What you may not know is that no matter how many professionals you hire, you still may be a plan fiduciary. Operating a plan involves many actions that may make the person or entity performing them a fiduciary.
The pension law (ERISA) sets standards of conduct for plan fiduciaries and outlines several important fiduciary duties. For example, fiduciaries are required to:
- Act solely in the interest of, and with the exclusive purpose of providing benefits to, plan participants and their beneficiaries
- Carry out their duties prudently
- Follow the plan documents (unless inconsistent with ERISA)
- Diversify plan investments
- Pay only reasonable plan expenses
In the News
A recent case* highlights what can happen when a 401(k) plan is mismanaged and participants sue the plan’s fiduciaries.
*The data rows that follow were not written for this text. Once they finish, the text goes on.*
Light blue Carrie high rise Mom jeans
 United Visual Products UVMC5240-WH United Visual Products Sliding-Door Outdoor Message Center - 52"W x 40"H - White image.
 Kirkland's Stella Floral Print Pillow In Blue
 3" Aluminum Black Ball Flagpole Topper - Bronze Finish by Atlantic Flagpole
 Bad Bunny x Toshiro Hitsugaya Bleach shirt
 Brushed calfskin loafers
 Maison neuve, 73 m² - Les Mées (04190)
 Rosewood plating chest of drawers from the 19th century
The court found the fiduciaries of a company’s two 401(k) plans liable — to the tune of $36.9 million — for losses to the plans due to breaches of fiduciary duty. Among other issues, the fiduciaries had failed to monitor plan fees. Excessive fees were paid (through a revenue sharing arrangement) to the plan’s investment advisor/recordkeeper in order to subsidize the recordkeeper for non-plan-related services provided to the company. In addition, the fiduciaries had selected more expensive investment share classes when less costly options were available, in violation of the plan’s investment policy statement.
More About Liability
Fiduciaries should document the processes they follow to carry out their fiduciary responsibilities. Some service providers will assume fiduciary responsibility for certain functions. The employer is not off the hook, however, because the employer is still responsible for monitoring the providers.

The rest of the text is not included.